Pense rápido e me diga o nome de três personagens do Chaves! Aposto que todos que conhecem o programa lembraram. Agora me diga três personagens do Chapolin… Pois é, todos os personagens do Chaves são praticamente personagens principais e todos marcaram o programa, enquanto no Chapolin excelentes atores são usados como meros coadjuvantes, sem oportunidade de explorar todo seu potencial. Muitas pessoas inclusive assistem e gostam de Chaves mais pelos personagens “secundários” do que pelo próprio Chaves, dá para se identificar com pelo menos meia dúzia deles.

Chaves tem todo um contexto social, uma reprodução de uma mini-sociedade onde fica quase impossível não encontrar personagens com os quais não nos identifiquemos ou identifiquemos pessoas que nos cercam. Chaves tem, em certa medida, uma pitada de crítica social, uma verdade dolorosa, uma identificação. A construção dos personagens (me recuso a usar no feminino, acho feio “a personagem”) é muito mais rica no Chaves, a continuidade da história de cada um deles, as tramas paralelas, tudo é mais bem amarrado. No Chapolin tudo gira em torno do bem contra o mal e de três ou quatro bordões dele, mais previsível e mais repetitivo.

Outro ponto muito importante (ao menos para mim) é que Chaves é muito mais divertido, não tem medo de fazer humor: Seu Madruga bate em crianças, uma idosa (Bruxa do 71) é esculhambada, chamada de baranga e outros termos pejorativos, calote é colocado como algo engraçado e tolerável, vide Seu Madruga fugindo para não pagar o aluguel, o estudo é mostrado como algo chato, há violência física entre diversos personagens… São tantas situações tidas como “inaceitáveis” nos dias de hoje que meus olhos chegam a se encher de lágrimas de saudades dos tempos em que as pessoas sabiam diferenciar humor de apologia.

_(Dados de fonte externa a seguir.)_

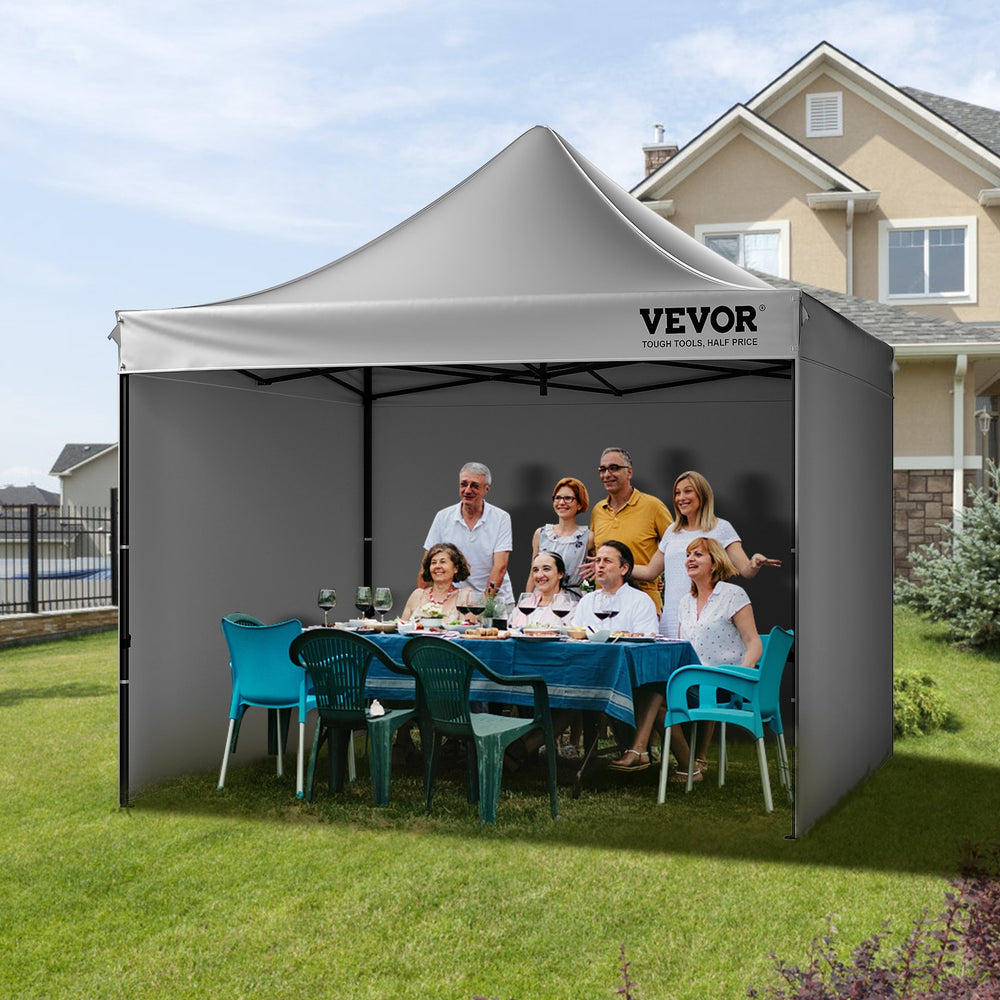 Vevor Pop-Up Canopy Gazebo Tent 10' x 10' Removable Sidewall with Bag UV Resistant Waterproof New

Chaves e a maior parte de seus personagens são amorais, corrompidos, demasiadamente humanos. Como eu disse, Chaves seja é último bastião de liberdade na TV aberta. Onde mais podemos ver pessoas debochando de alguém em função da sua obesidade, adultos agredindo fisicamente crianças como algo engraçado, comentários pejorativos e violência física como recurso constante para dirimir conflitos entre adultos. Isso hoje em dia não tem preço. Só é tolerado porque já vem sendo exibido por mais de trinta anos, se fosse algo novo o Ministério Público já tinha caído de pau.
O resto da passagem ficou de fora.